## EXERCISE BRIEF
Reproduce every line below exactly as written; do not include the images.

## DATASET CONTENT

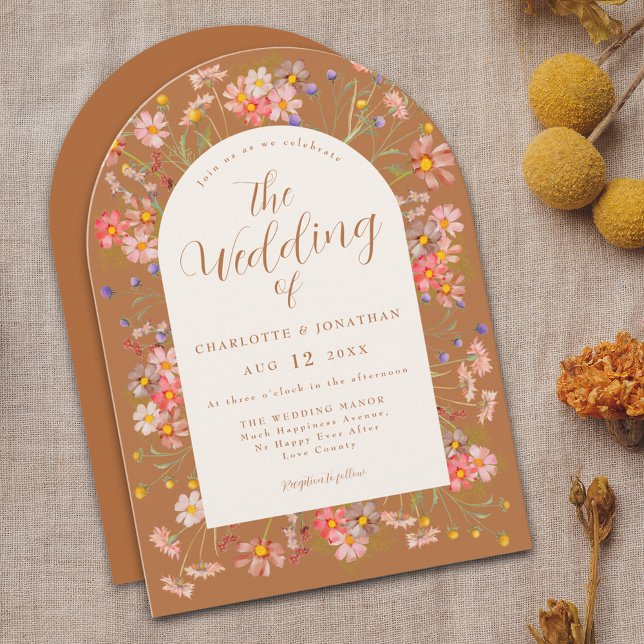 Invitación Boda de Flor Silvestre Terracotta (Boho fall wildflower arch elegant script terracotta burnt orange wedding invitation )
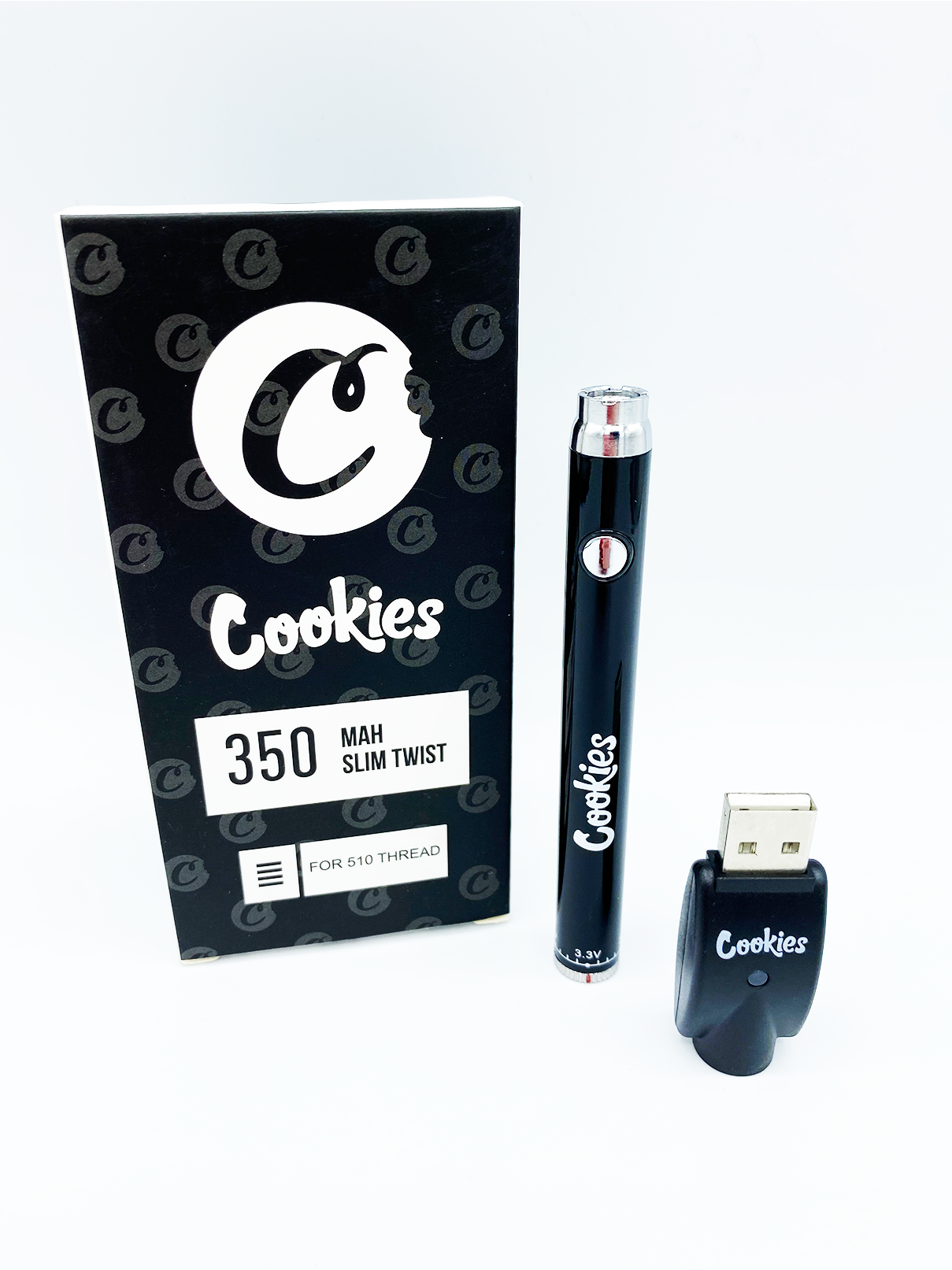 battery4 COOKIES 510 VAPE PEN BATTERY SLIM TWIST (Black) - Image 1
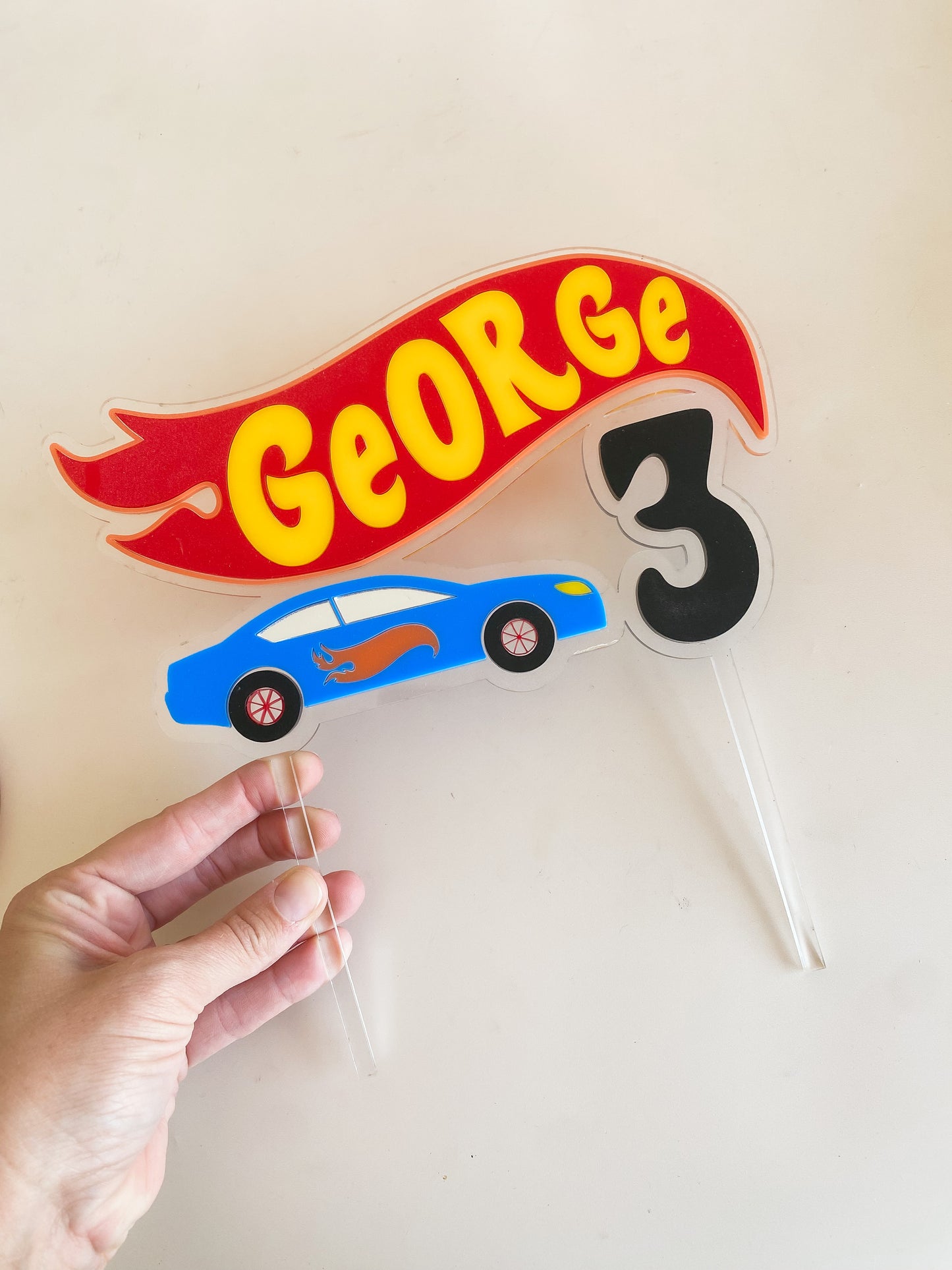 Hot Wheels Personalised Cake Topper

## RESPONSE BOX
 Invitación Boda de Flor Silvestre Terracotta (Boho fall wildflower arch elegant script terracotta burnt orange wedding invitation )
 battery4 COOKIES 510 VAPE PEN BATTERY SLIM TWIST (Black) - Image 1
 Hot Wheels Personalised Cake Topper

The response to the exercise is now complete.